The Story
Why it exists.
The beginning
Live In Colour arrived in 2018, composed by Aliénor Massenet. The brief was simple: create something that felt vivid without shouting. Massenet built the fragrance around an unusual tension, sharp, almost tart at the opening, then something softer and more reflective at the heart. The rhubarb was the anchor from the start. It gives the top notes their honesty, their willingness to be acidic rather than sweet. Red currant and bitter orange amplify that brightness, keeping the beginning lively and awake. The real work happens in the transition. That sharp opening doesn't disappear, it softens into something else. Lotus does the heavy lifting here, bringing its subtle aquatic quality, the stillness of water in a garden. Rose rounds it out without adding sweetness. The white amber in the base is what makes the drydown feel clean and warm at once, like sun on white cotton.

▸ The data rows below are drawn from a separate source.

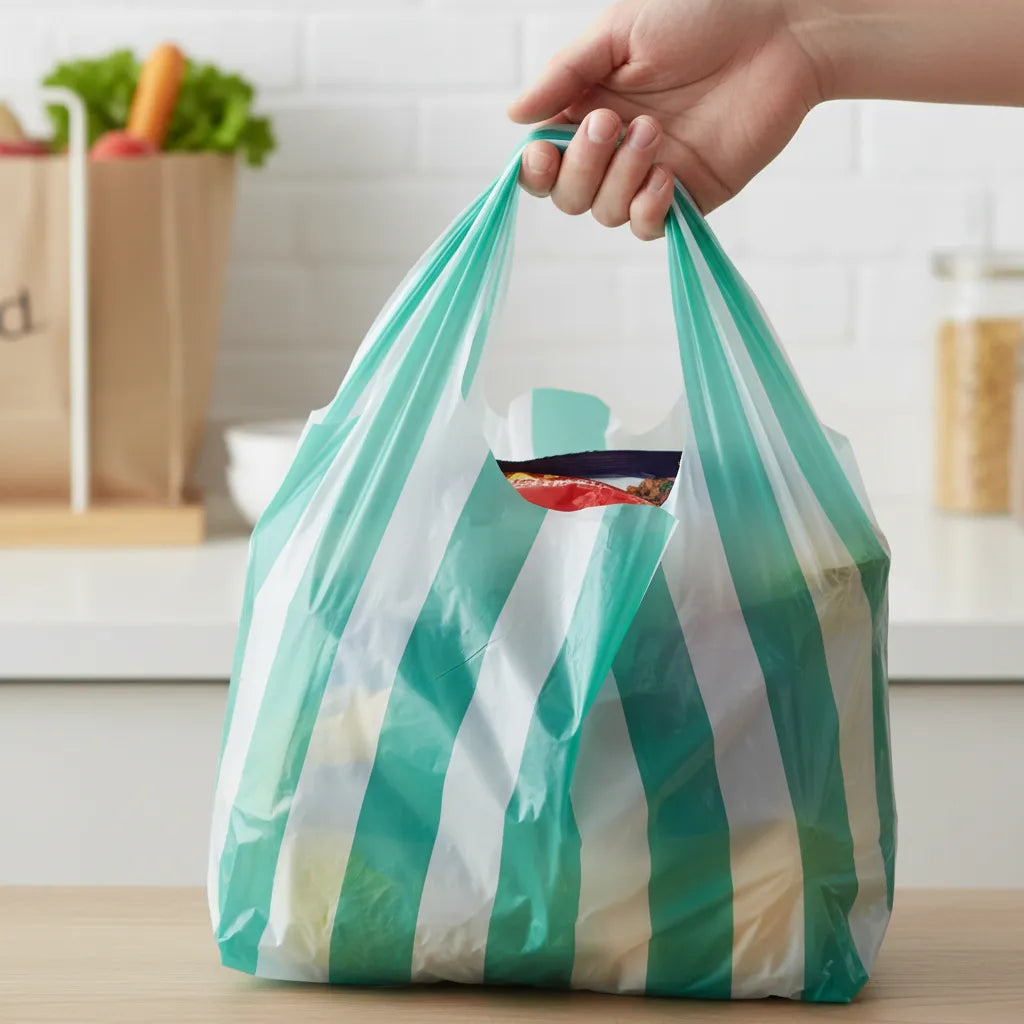 Bolsas De Manija Plasticas 15kg Blanco Negro Verde 100 Und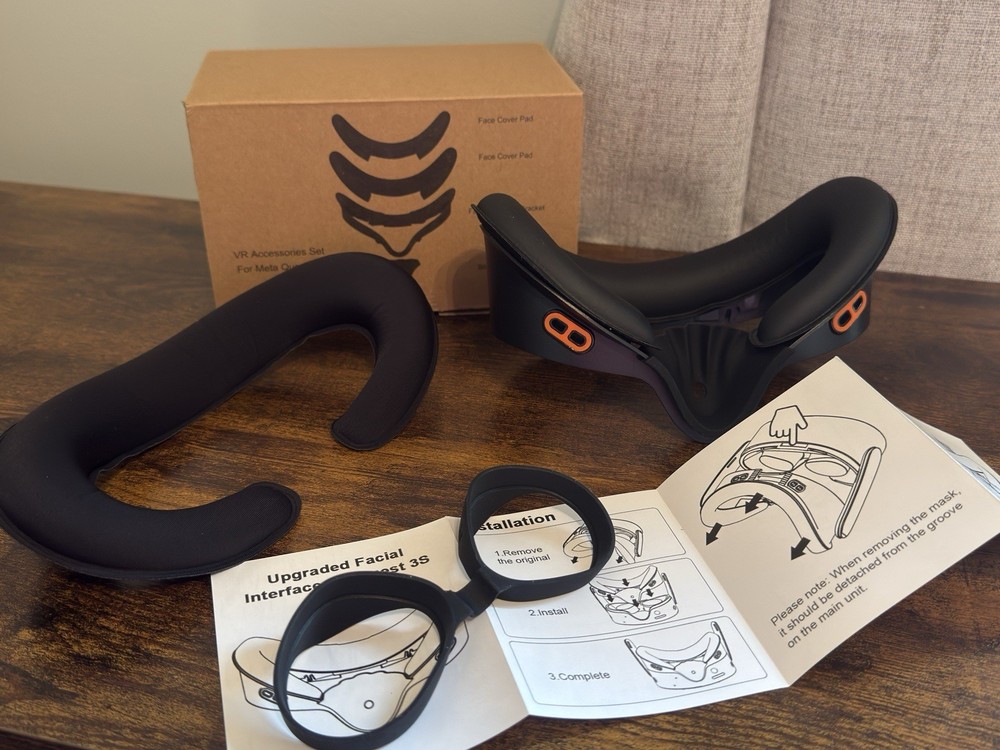Facial Interface & Face Pad for Meta Quest 3S VR Headset Replacement NEW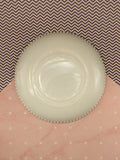 Vintage Westmorland Milk Glass Milkglass Fruits Salad Plate w/Beaded Edge, Like New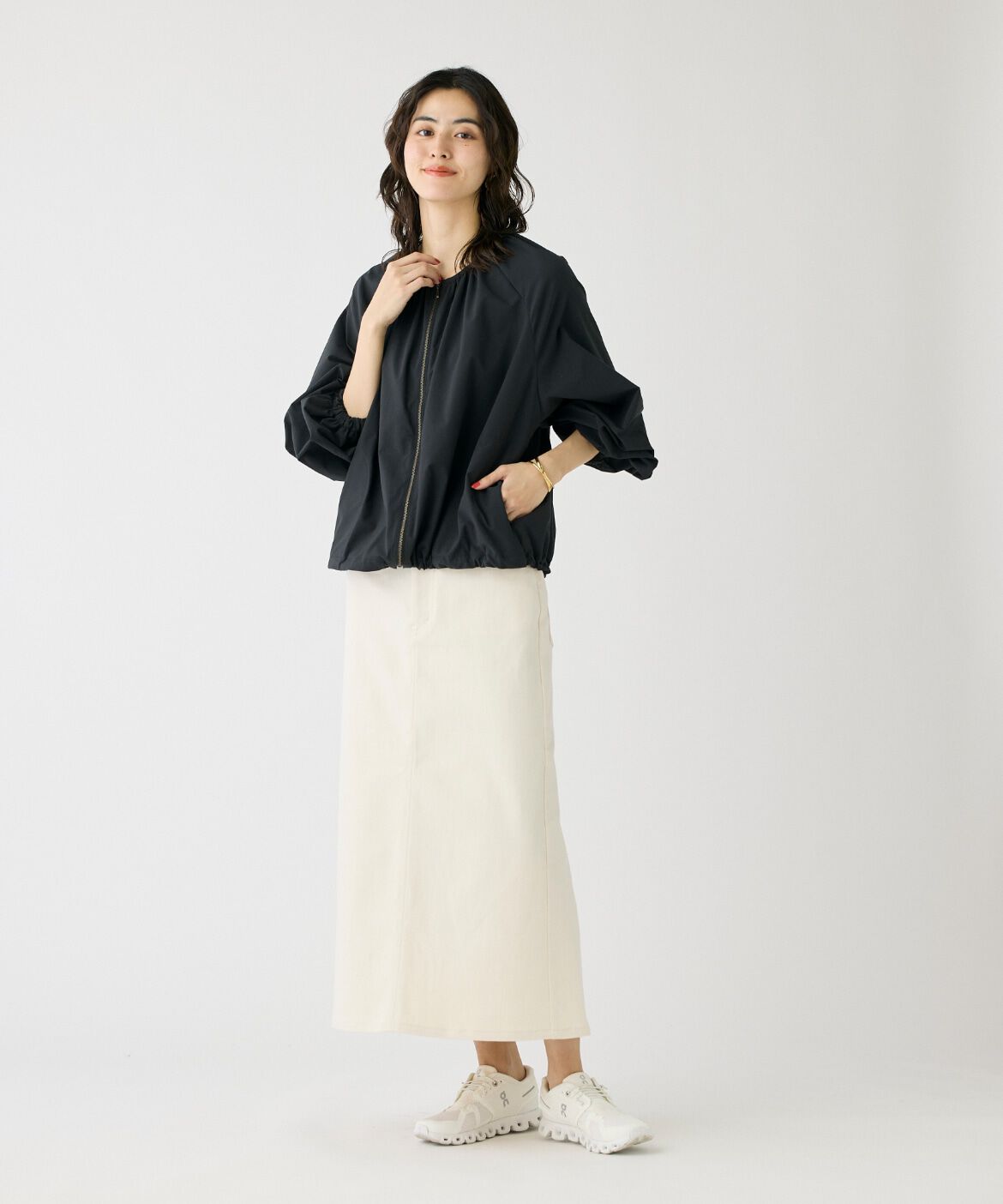 DAY by DAY it&rsquo;s international「ポケットワークストレートスカート《SUVIN DENIM》」|スカート|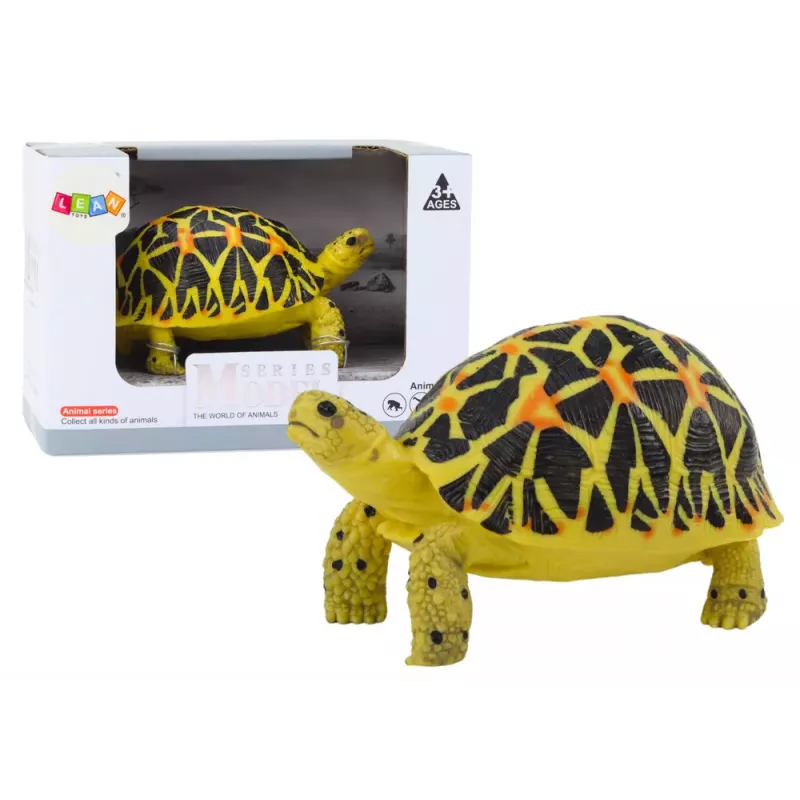 LEAN TOYS Kogumisfiguur Kilpkonn Roomaja Kollane Must A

Lotus is the ingredient that makes Live In Colour distinctive among fruity florals. It doesn't smell like a typical aquatic note, something oceanic or ozonic, but rather like a flower floating in still water, cool and calm. Combined with the rhubarb opening, which gives the fragrance its green, almost vegetable honesty, the composition avoids the trap of pure sweetness. White amber is the quiet foundation. Unlike regular amber, which can feel heavy or resinous, white amber reads as clean and powdery-warm, the kind of warmth that stays close to skin rather than projecting outward.
The evolution
The opening announces itself quickly, rhubarb's tart green bite, red currant's bright fruit, the citrus edge of bitter orange. Within minutes, the sharpness begins to round. The citrus softens first, then the rhubarb loses its edge, and what emerges is the lotus heart, cooler and more reflective than the start suggested. Rose arrives quietly, wrapping around the lotus without overpowering it. The effect is watery, like a garden pond in morning light. Cedarwood and musk appear in the base, giving the drydown some structure, but white amber is the real closer, warm, clean, powdery without being heavy. On fabric, the scent lingers past the point where you'd expect it to fade, holding its quiet warmth for most of the day. On skin, it stays closer, more intimate, developing gradually rather than announcing itself at every hour.
Cultural impact
Live In Colour occupies a specific space in the fruity-floral category, brighter and sharper than most, with the rhubarb opening giving it a green honesty that saves it from generic sweetness. It compares favorably to lighter aquatic florals, holding its own against more expensive niche compositions in the same genre. The fragrance appeals to wearers who want something vivid without being loud, and who appreciate a composition that earns its brightness rather than assuming it.